Grace Slick of the Jefferson Airplane band

Until October 29: FIFTY PHOTOS OF PEACE, LOVE & MUSIC. The Carlo Azeglio Ciampi Exhibition Center, Via dei Pucci 16, Florence.  Open 10 am – 1 pm, 3 – 7 pm. Free admission.

More than 50 photographs – in large format and mostly unseen in Italy – relive some of the major rock music events of 1969 on the occasion of the 50th anniversary of the Woodstock Festival.  The photographs of internationally noted photographer and director Amalie R. Rothschild, who was present at Woodstock in August, 1969, narrate the four days during which the major exponents of rock music of the 1960s performed.
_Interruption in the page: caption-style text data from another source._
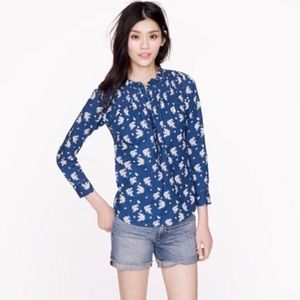 J. Crew Floral Chambray Top Shirt Size 10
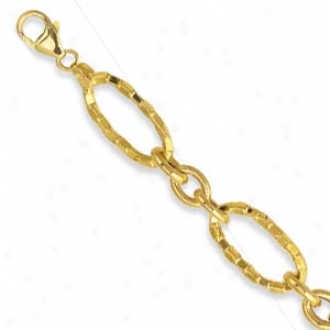 14k Golden Hammered Link Lobster Claw Bracelet - 7.25 Inch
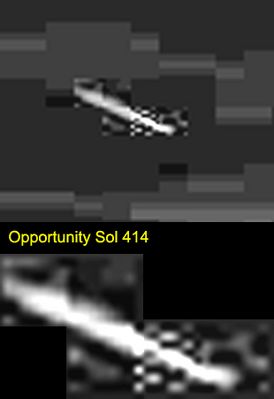 Silver Anomaly (3) - Sol 414
"...Noterai come R3 ed L3 siano state oscurate e "depixellate" ad arte e come la barra non c'entri nulla con il resto del panorama...Perch�? Perch� la barra non � un fenomeno luminoso: � semplicemente parte del "vero" soggetto della foto. 
Ogni tanto il computer tradisce e si "dimentica" di depixellare tutto allo stesso modo.
Ecco come il frammento si � salvato dalla compressione dell'istogramma dei canali RGB (le bande grigiastre sono i pixels correttamente censurati).
Mi rendo conto che per la la maggior parte delle persone tutto questo non significa granch�, ma dal punto di vista puramente tecnico questo risultato � gratificante.
Certo che, a parte la soddisfazione di beccare i "ricconi USA" alle prese con la loro "infallibile" (!) tecnologia, mi sarebbe piaciuto poter vedere anche tutto il resto...".

Lo Staff Lunar Explorer Italia � d'accordo con il nostro ex-Partner e la curiosit� di sapere "chi" o "che cosa" c'� realmente su Marte � diventata davvero enorme...

Parole chiave: Highly Controversial Image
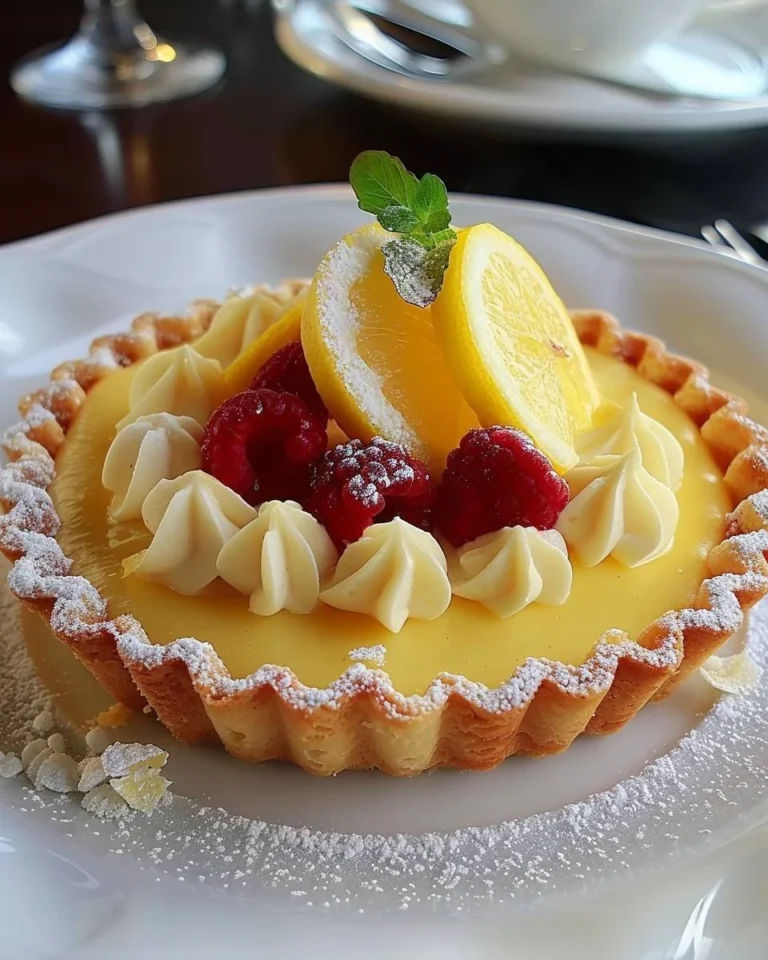 Leckere Zitronentarte auf einem Teller mit Zitronenscheiben dekoriert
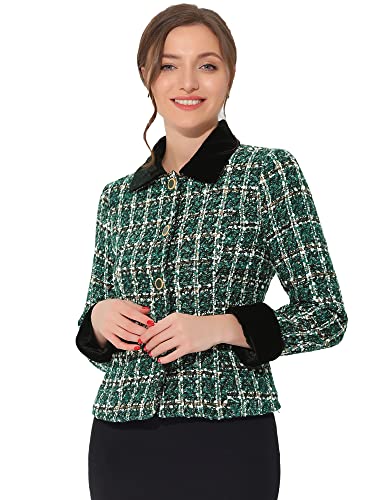 Allegra K Damen Tweed Blazer Langarm Revers Knopfleiste Karierte Samt Elegante Jacke Schwarz Grün XL von Allegra K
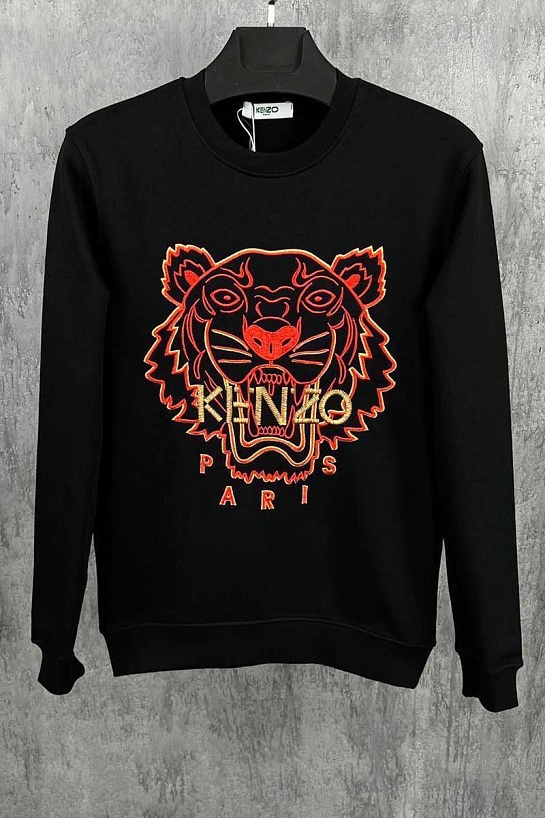 Чёрный мужской свитшот Kenzo Tiger Head embroidered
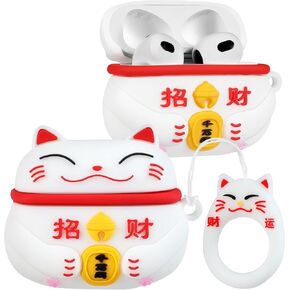 Boaretiu for Airpods 3 Case - Cute Kawaii Red Bow with Keychain for AirPods 3rd Generation Case Funny 3D Soft Silicone Fun Cool for Girls Women Teens for Airpod 3 Cover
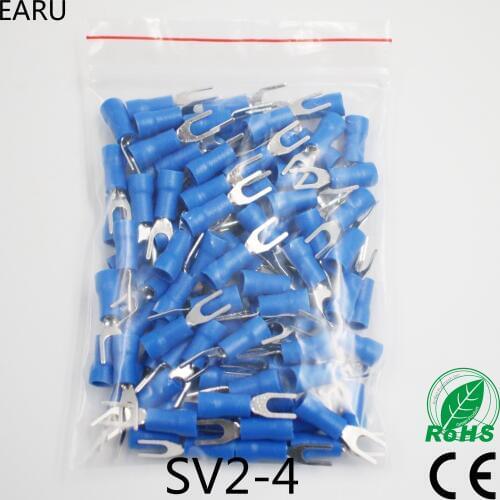 SV2-4 Blue Furcate Cable Wire Connector 100PCS/Pack Furcate Pre-Insulating Fork Spade 16~14AWG Wire Crimp Terminals SV2.5-4 SV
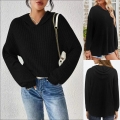 Women's Loose Hooded Hoodie Ribbed Knit Long Sleeve Solid Color Pullover Casual Sweatshirt For Autumn Winter Daily Wear
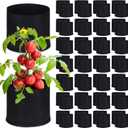 Zubebe 60 Pack Plant Grow Bags Bulk Garden Bags Aeration Grow Pots Heavy Duty Thickened Nonwoven Fabric Plant Pots Black Planting Container for Potato Tomato Vegetable Flower Fruits (5 Gallon)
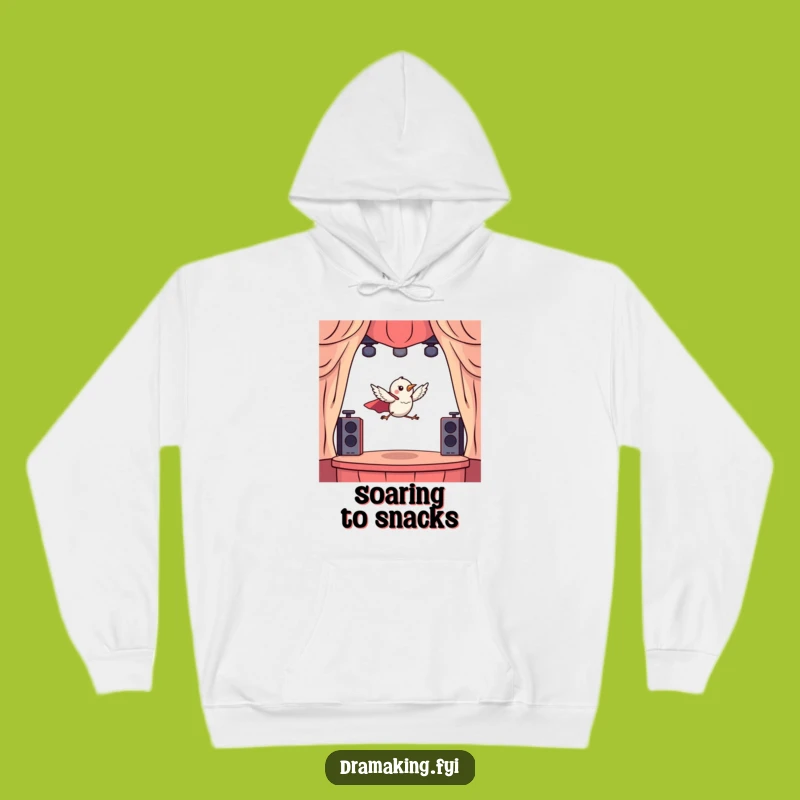 Funny Hero Bird Leaping Hoodie: Cozy Drama for Superfans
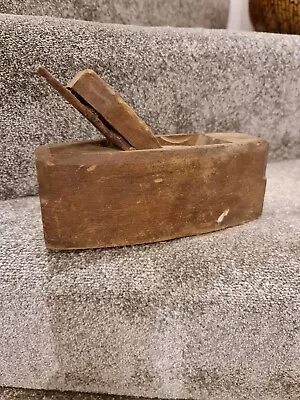 Vintage Intermediate Wood Plane - Steel Base Coffin Shape. • $21.15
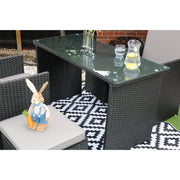 Eton 4 Seater Rattan Garden Cube Armchair with Bar Dining Table Set
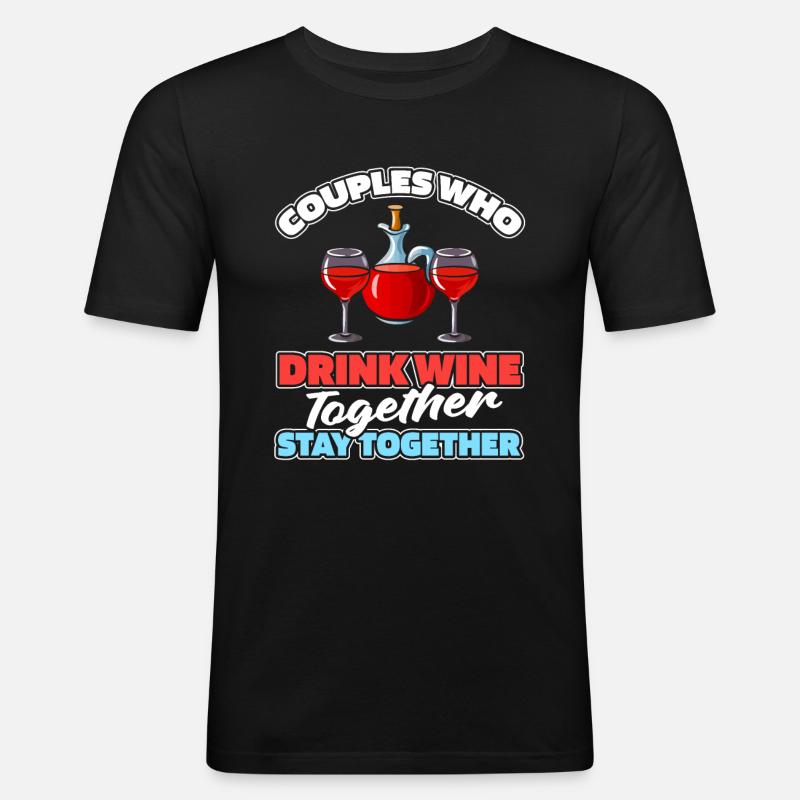Wein Winzer Paar - Männer Slim Fit T-Shirt - Schwarz
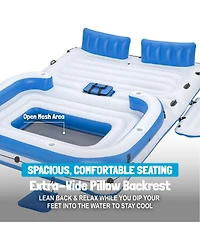 Bestway Hydro-Force Tropical Breeze 6 Person Inflatable Party Island Water Float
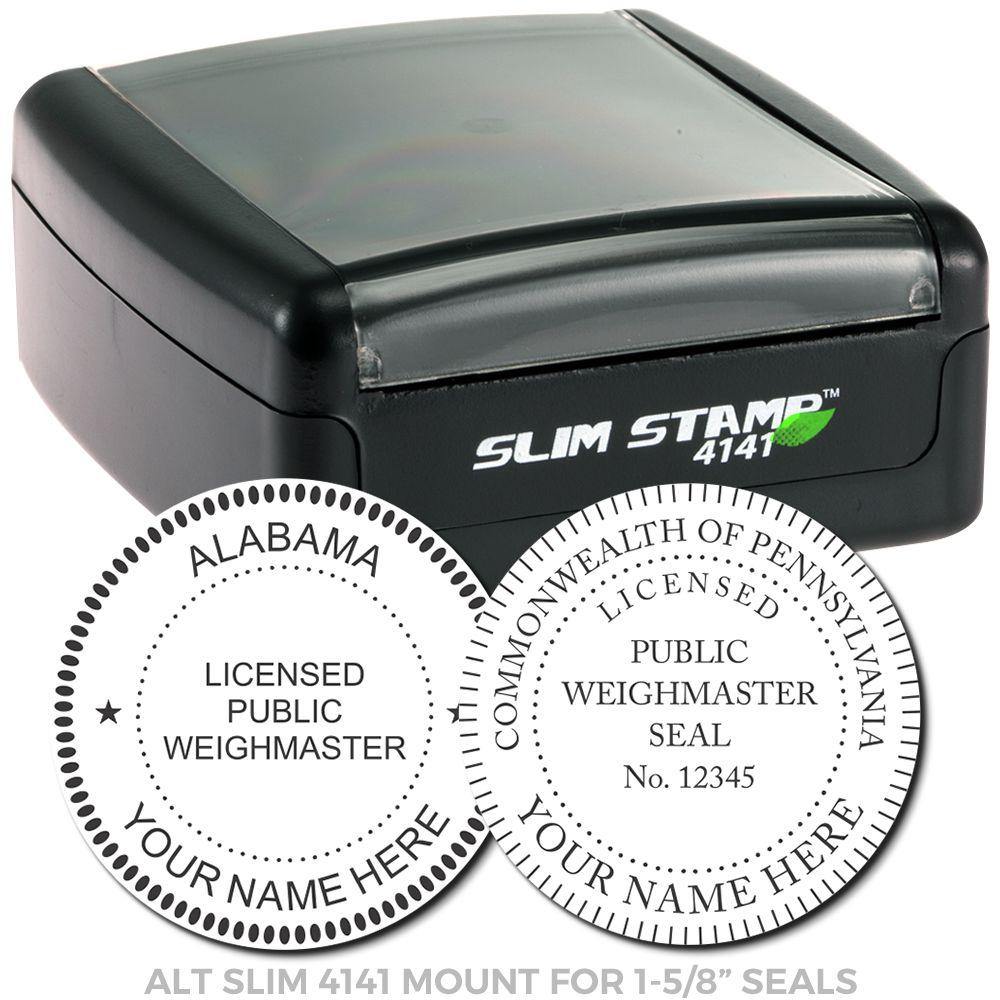 Public Weighmaster Slim Pre-Inked Rubber Stamp of Seal, black casing with two sample seals for Alabama and Pennsylvania, customizable text.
The shots also feature other great rock music events which took place in that one and only inimitable year of 1969 – the Newport Festival (July), the Isle of Wight (September), the Rolling Stones at Madison Square Garden (November) and various concerts at the Fillmore East throughout the year including Jimi Hendrix’s New Year’s Eve show on December 31.

Amalie R. Rothschild is an internationally recognized and award winning photographer and filmmaker.  She has a BFA (1967) in Graphic Design from Rhode Island School of Design where she spent her senior year on their European Honors Program in Rome, Italy. She studied photography with Harry Callahan, and has an MFA (1969) in Film Production from New York University’s Graduate Institute of Film and Television where she also studied photography with Paul Caponigro.  From 1968 to 1974 she worked extensively as a free-lance photographer in the music field, her photographs appearing in The New York Times, Newsweek, Time-Life Books, Life Magazine, The Village Voice, Rolling Stone, After Dark and many other publications.

From 1969 to 1971 she worked with the Joshua Light Show at the Fillmore East Theater in New York producing special effects photography, slides, graphics, films and film loops used during performances and was considered the theater’s unofficial house photographer.  She had unlimited access onstage and backstage to all the happenings at the Fillmore East.  During that period she also photographed anti-war/peace demonstrations in the U.S. during the 1960s and the 1967 Cannes Film Festival. Her monograph Live at the Fillmore East: A Photographic Memoir, published in 1999, was reprinted six times

A skilled and veteran filmmaker, she produced and directed documentaries with special emphasis on social issues as revealed through the lives of people in the arts including the titles “Conversations with Willard Van Dyke” (1981) and “Painting the Town: Illusionistic Murals of Richard Haas” (1990).  Her films, which have been shown at and received prizes in many international festivals, have aired on public television in many countries (PBS, BBC, ABC, RAI ecc.) and been presented in programs in many important museums including the Museum of Modern Art in New York and the Smithsonian Institution in Washington, DC.